Air safety investigators have a “high degree of confidence” that aircraft debris found in the Indian Ocean is of a wing component unique to the Boeing 777, the same model as the Malaysia Airlines plane that disappeared last year, a U.S. official said Wednesday.
Air safety investigators — one of them a Boeing investigator —have identified the component as a “flaperon” from the trailing edge of a 777 wing, the U.S. official said.
A French official close to an investigation of the debris confirmed Wednesday that French law enforcement is on site to examine a piece of airplane wing found on the French island of Reunion, in the western Indian Ocean. A French television network was airing video from its Reunion affiliate of the debris. U.S. investigators are examining a photo of the debris.

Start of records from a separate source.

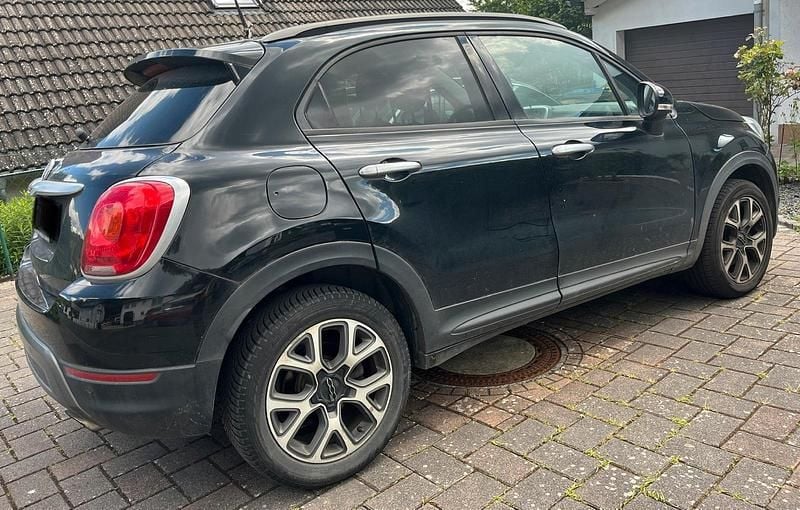 Schwarz Gebraucht 2016 Fiat 500X Cross SUV | 8.999 € (Fairer Preis) - Bild 1/4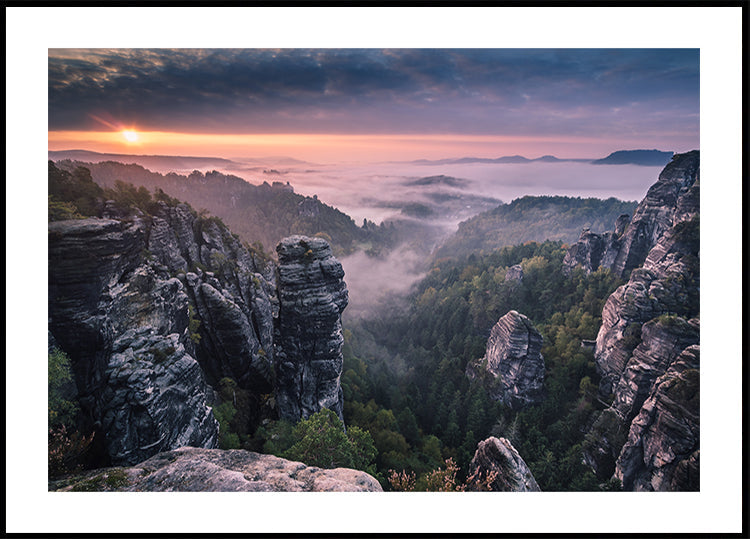 Sonnenaufgang auf den Felsen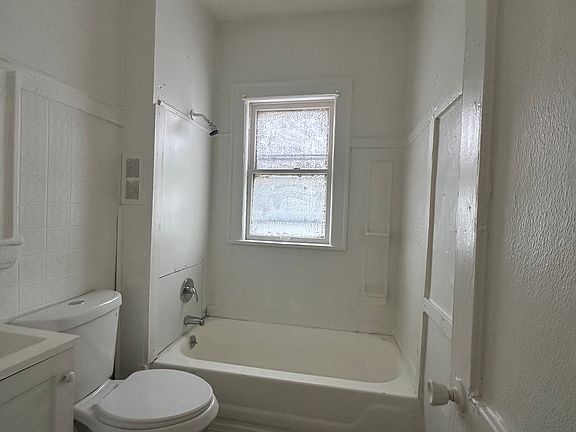 5th image of 459 E 117th St #3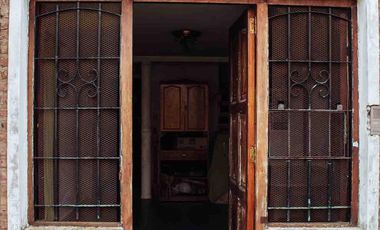 Casa en venta - 3 Dormitorios 2 Baños - Cochera - 300Mts2 - Tolosa, La Plata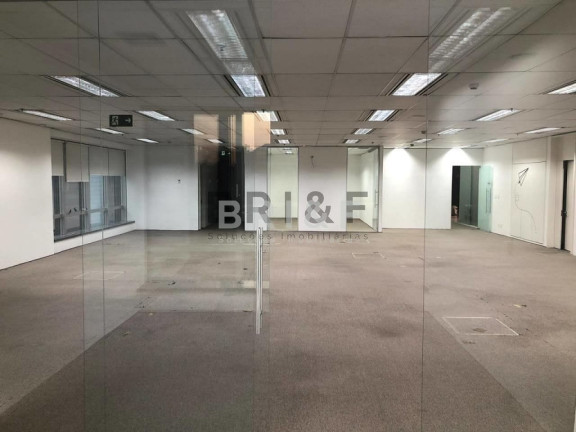 Imóvel Comercial para Alugar, 330 m² em C Moncoes - São Paulo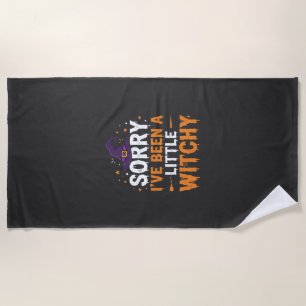 Serviette De Plage Citation drôle de petite sorcière pour Halloween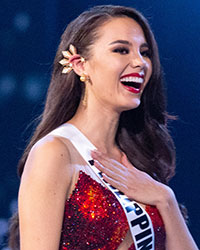 Catriona Gray, Miss Universe Philippines 2018 is announced as a Top 5 finalist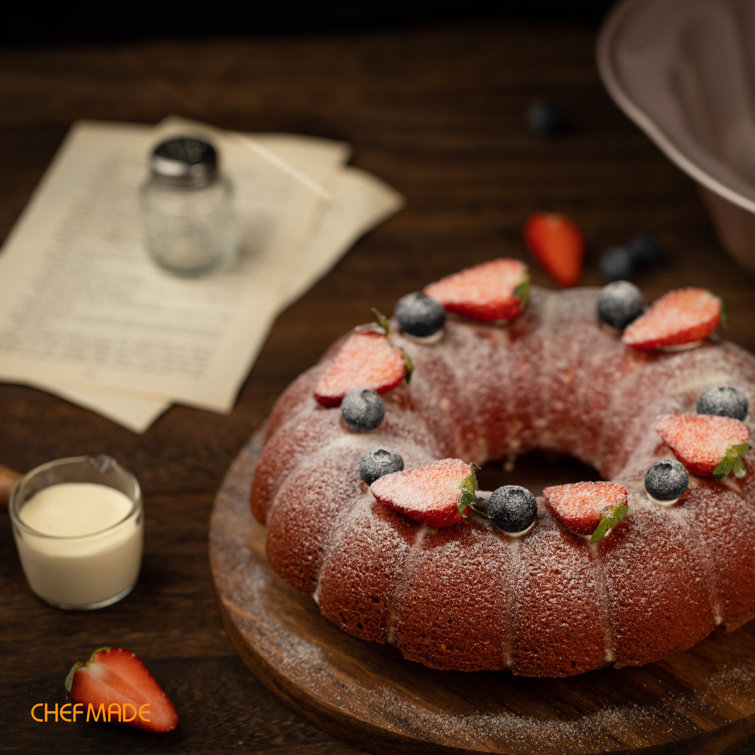 CHEFMADE 10-Inch Pumpkin-Shaped Bundt Pan, Non-Stick Carbon Steel Banquet Cake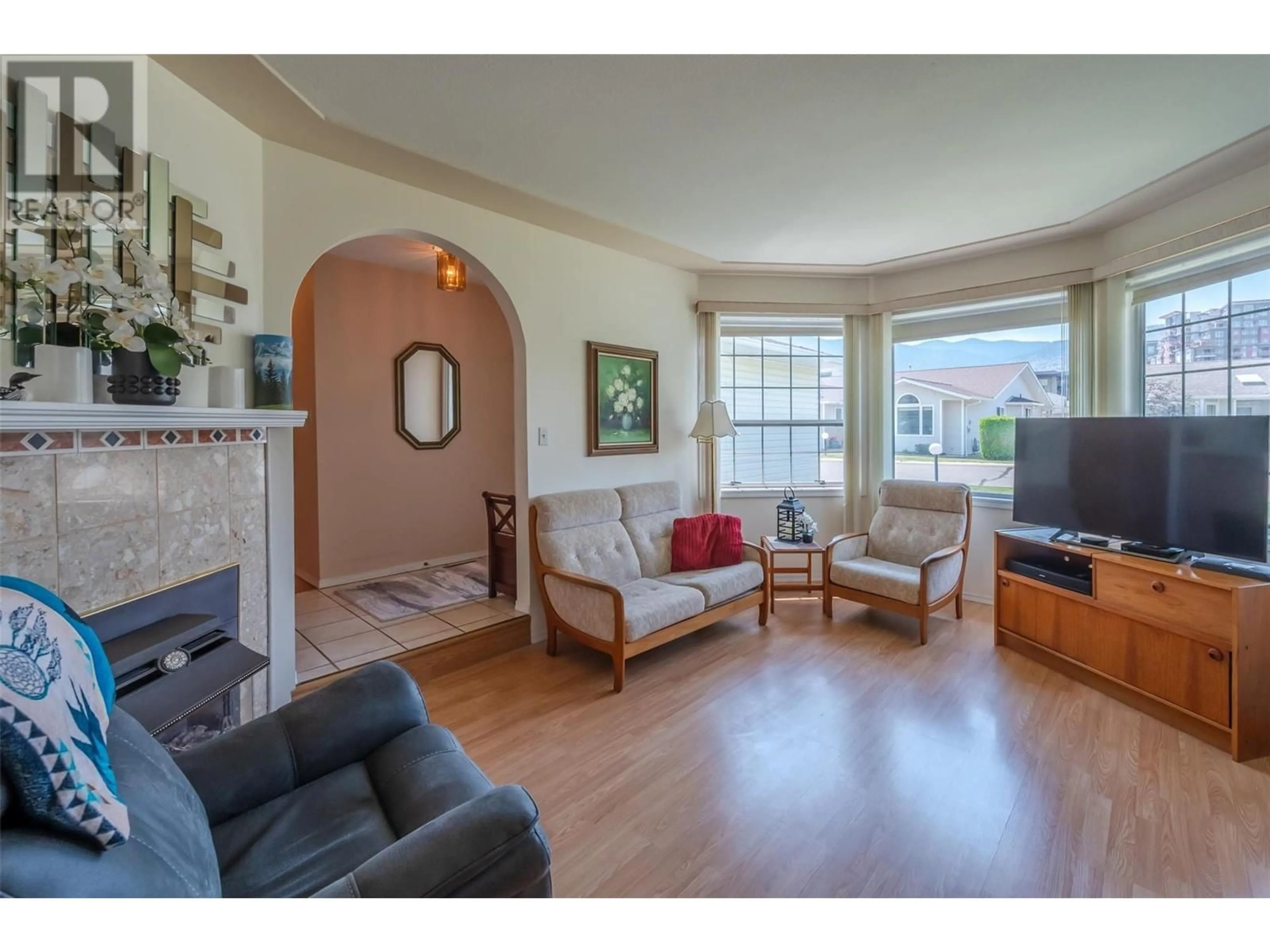 Living room with furniture, unknown for 141 - 3400 WILSON STREET, Penticton British Columbia V2A8H9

The last primary radar contact with Malaysia Airlines Flight 370 placed its position over the Andaman Sea about 230 miles northwest of the Malaysian city of Penang. The French island of Reunion is about 3,500 miles southwest of Penang, according to a Google map.
At the United Nations, Malaysian Transport Minister Liow Tiong Lai told reporters that he has sent a team to verify the identity of the plane wreckage.

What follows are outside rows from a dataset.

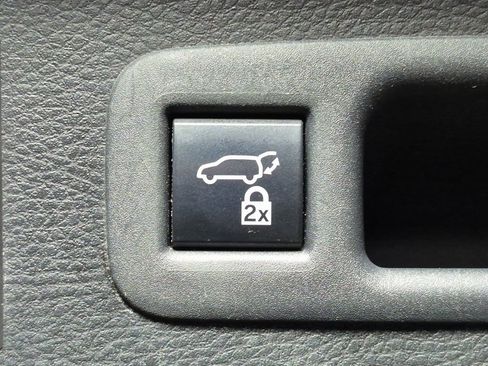 Used 2021 Toyota Sienna XSE image 26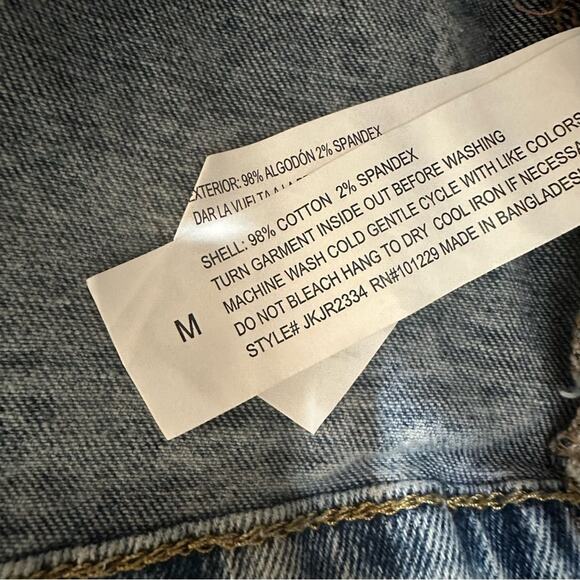 Ashley Vintage Charm Blue Denim Jacket, Acid Wash, Medium - Picture 8 of 13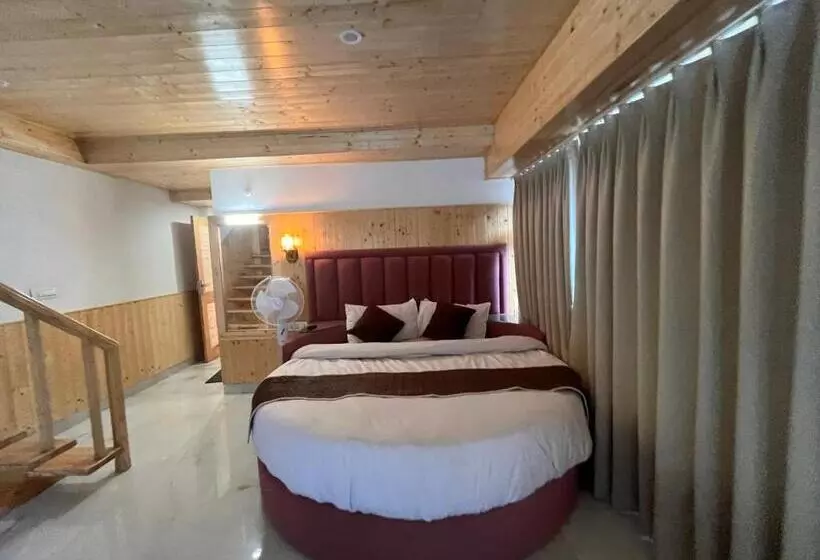 Hotelli Varuni Classic Mcleod Ganj !! Near Mall Road !!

“Whatever wreckage found needs to be further verified before we can ever confirm that it is belonged to MH370,” he said.
The discovery is unlikely to alter the seabed search, said Australian Transport Safety Bureau Chief Commissioner Martin Dolan, who is heading the search effort in a remote patch of ocean far off the west coast of Australia. If the find proved to be part of the missing aircraft, it would be consistent with the theory that the plane crashed within the 46,000-square-mile search area, 1,100 miles southwest of Australia, he said.
“It doesn’t rule out our current search area if this were associated with MH370,” Dolan told The Associated Press. “It is entirely possible that something could have drifted from our current search area to that island.”

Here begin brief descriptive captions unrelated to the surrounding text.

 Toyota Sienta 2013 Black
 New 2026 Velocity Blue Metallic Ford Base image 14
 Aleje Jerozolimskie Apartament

Dolan said search resources would be better spent continuing the seabed search with sonar and video for wreckage rather than reviving a surface search for debris if the find proved to be from Flight 370.
If the debris turns out to be from the missing aircraft, it will be the first confirmation that the plane crashed into the Indian Ocean after it vanished March 8, 2014, with 239 people on board while traveling from Kuala Lumpur, Malaysia, to Beijing. A massive multinational search effort of the southern Indian Ocean, the China Sea and the Gulf of Thailand turned up no trace of the plane.
Confirmation that the debris came from Flight 370 would finally disprove theories that the airliner disappeared somewhere in the northern hemisphere, Dolan said.
It was well understood after the aircraft disappeared that if there was any floating debris from the plane, Indian Ocean currents eventually would bring it to the east coast of Africa, said aviation safety expert John Goglia, a former member of the U.S. National Transportation Safety Board. But the debris is unlikely to provide much help in tracing the ocean currents back to the location of the main wreckage, he said.
“It’s going to be hard to say with any certainty where the source of this was,” he said. “It just confirms that the airplane is in the water and hasn’t been hijacked to some remote place and is waiting to be used for some other purpose. … We haven’t lost any 777s anywhere else.”